Conditional Reference
Asked Answered
G

1

4

I have an application that I was writing that communicates with a third-party application via a Component Object Model library. I must reference this COM library within the Visual Studio project itself in order for the application I am writing to work. There is also a .NET wrapper library that I must reference in the Visual Studio project in order to communicate with the COM library.

Is there a way to to create a conditional initialization of a class, in order to use a method within a .NET class within the .NET wrapper library, that will work in a later version of the third-party COM library itself.

The problem I ran into was that I was trying to reference a feature of the COM library that only existed in a later version.
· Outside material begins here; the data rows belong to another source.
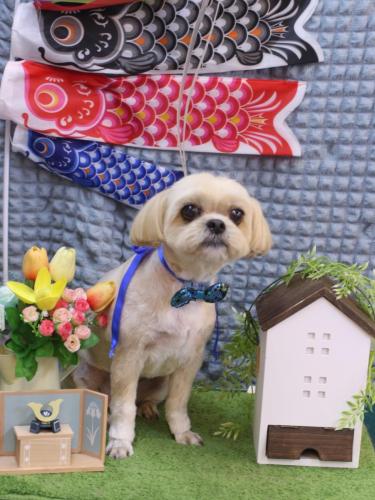 20230530モカちゃん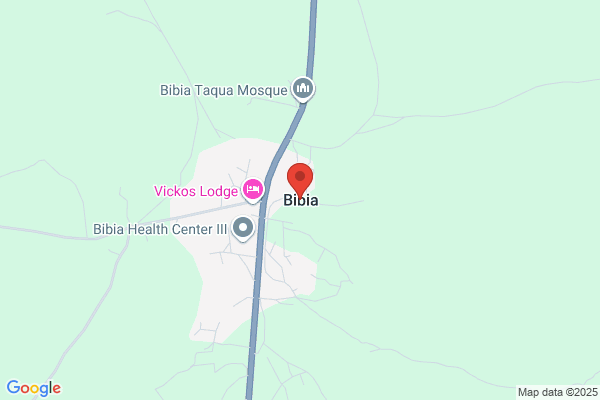 Bibie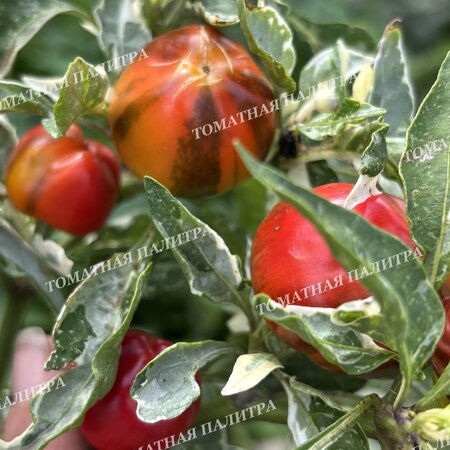 Томат ВАРИЕГАТНЫЙ МИНИКОЛОКОЛЬЧИК (Mini Bell Variegated)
The version of the wrapper itself was identical because it was backwards compatible. When I attempted to access this new feature the program I was writing would silently close when I started it when the previous version of the third-party application was installed.

Is there a way I could have avoided this behavior without changing how the way the application itself was built?

Glaab answered 17/10, 2011 at 18:39 Comment(0)
O
14

Not sure whether I understand term "reference a class".

You can do a conditional referencing of an entire Assembly (DLL)

<Reference 
        Include="LegacyServices.dll" 
        Condition="$(AppVersion == '2.0')" />

or conditionally include a source file into a project

<Compile 
       Include="LegacyServices.cs" 
       Condition="$(AppVersion == '2.0')" />

Both using MSBuild Condition in csproj file.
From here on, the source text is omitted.